Instructions to follow | Look through the listing below for the line with "Laundry Stain Scrubber" and the line with "Dudujia 7A Antibacterial". Copy both, along with every line between them, exactly and with no pictures.

Input |
-*-

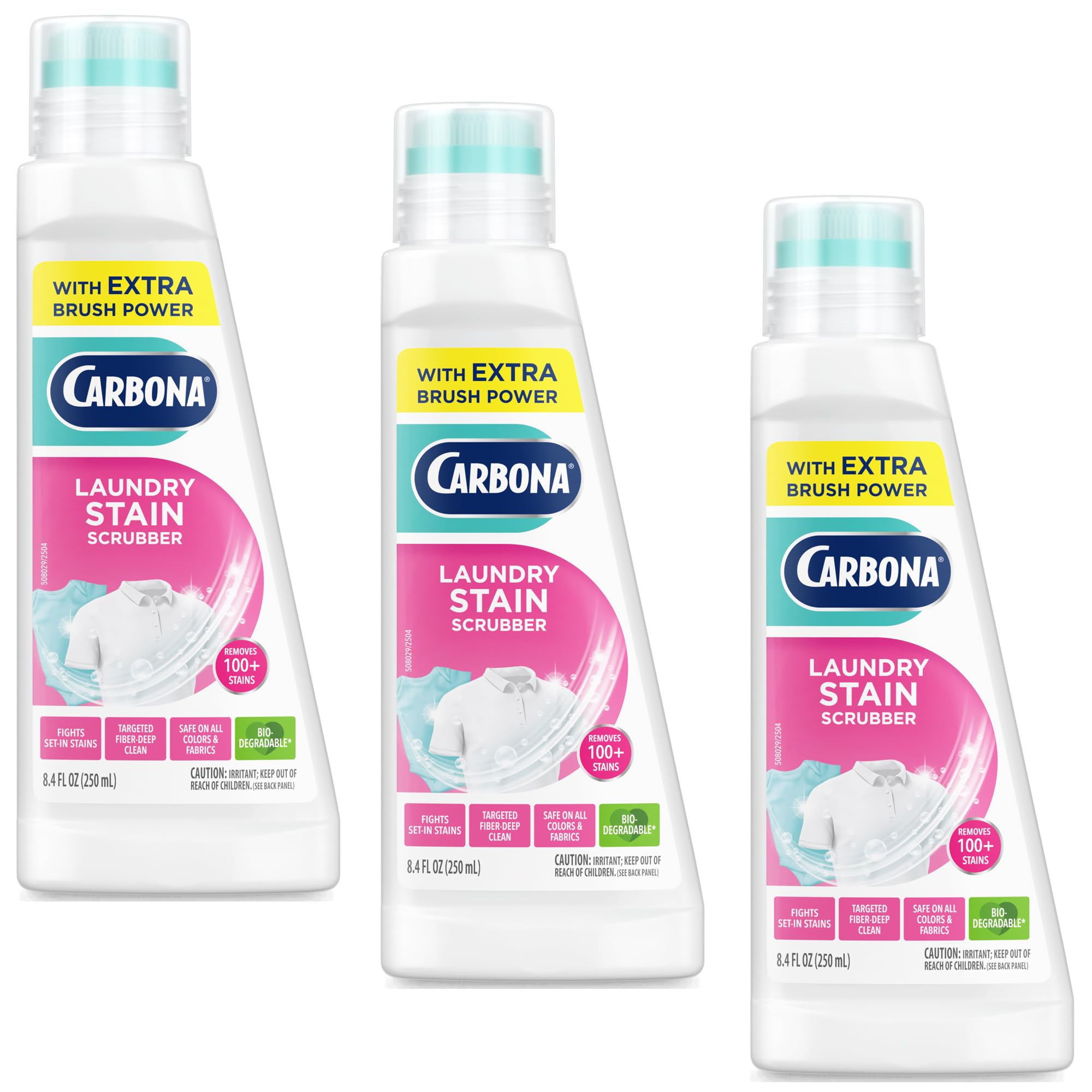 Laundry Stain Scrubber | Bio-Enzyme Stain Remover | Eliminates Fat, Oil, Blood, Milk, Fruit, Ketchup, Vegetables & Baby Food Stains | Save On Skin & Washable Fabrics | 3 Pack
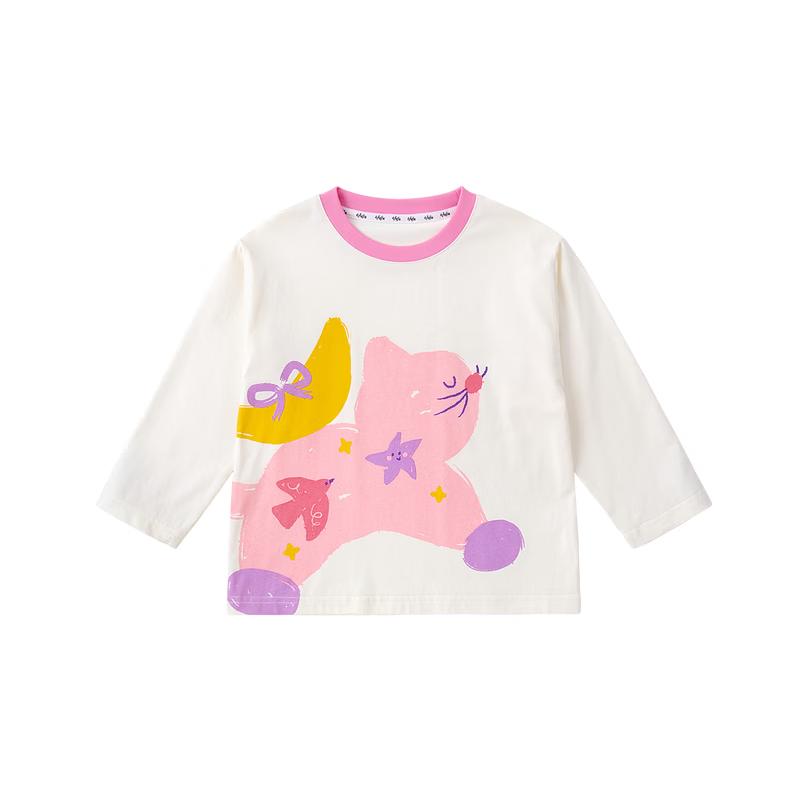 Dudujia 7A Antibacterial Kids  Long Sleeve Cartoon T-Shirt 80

-*-

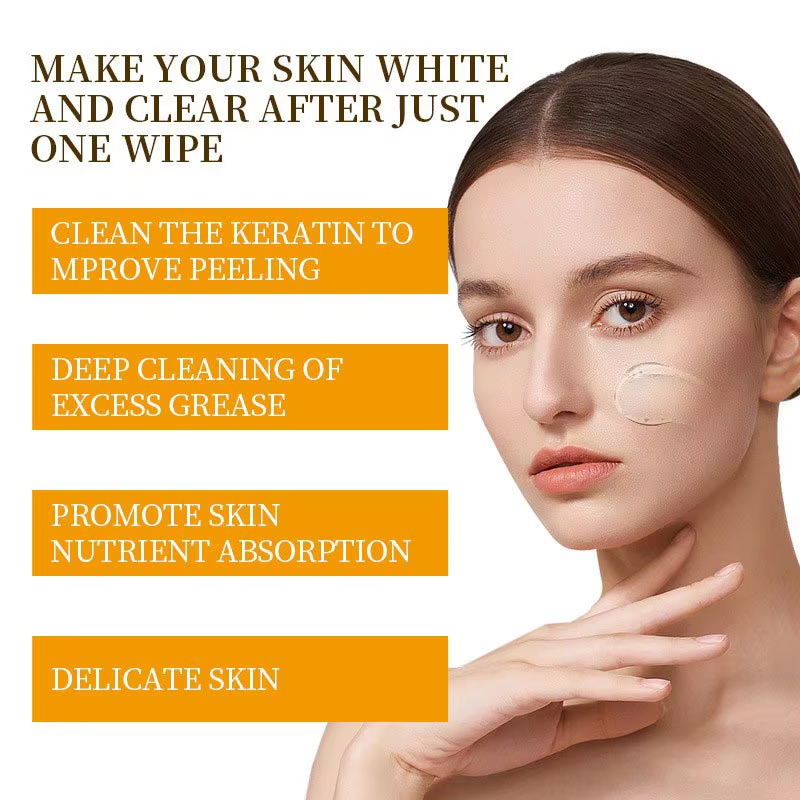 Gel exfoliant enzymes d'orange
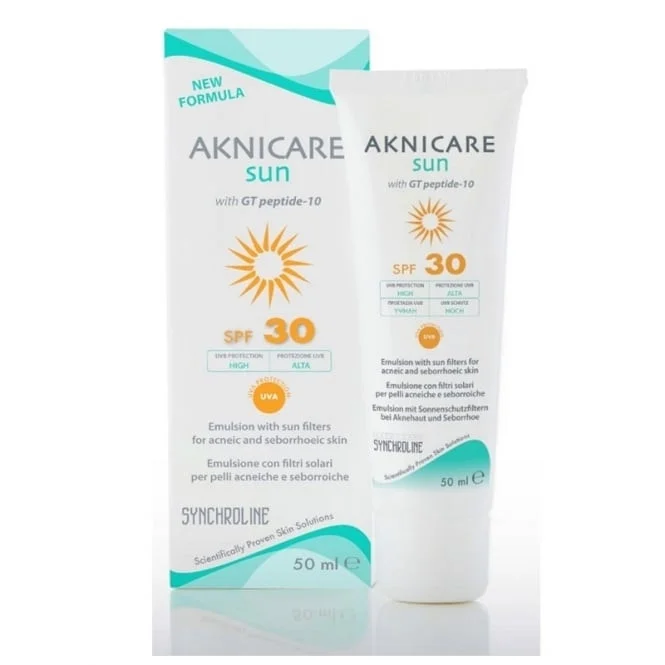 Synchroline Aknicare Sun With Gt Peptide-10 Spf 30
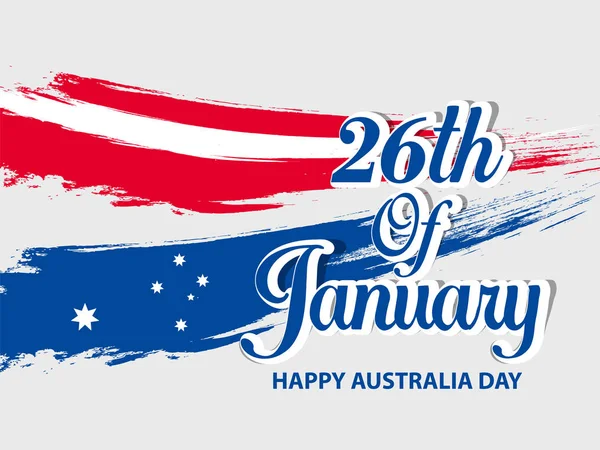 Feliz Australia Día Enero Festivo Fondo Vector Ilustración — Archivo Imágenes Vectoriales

-*-

Task result |
 Laundry Stain Scrubber | Bio-Enzyme Stain Remover | Eliminates Fat, Oil, Blood, Milk, Fruit, Ketchup, Vegetables & Baby Food Stains | Save On Skin & Washable Fabrics | 3 Pack
 Dudujia 7A Antibacterial Kids  Long Sleeve Cartoon T-Shirt 80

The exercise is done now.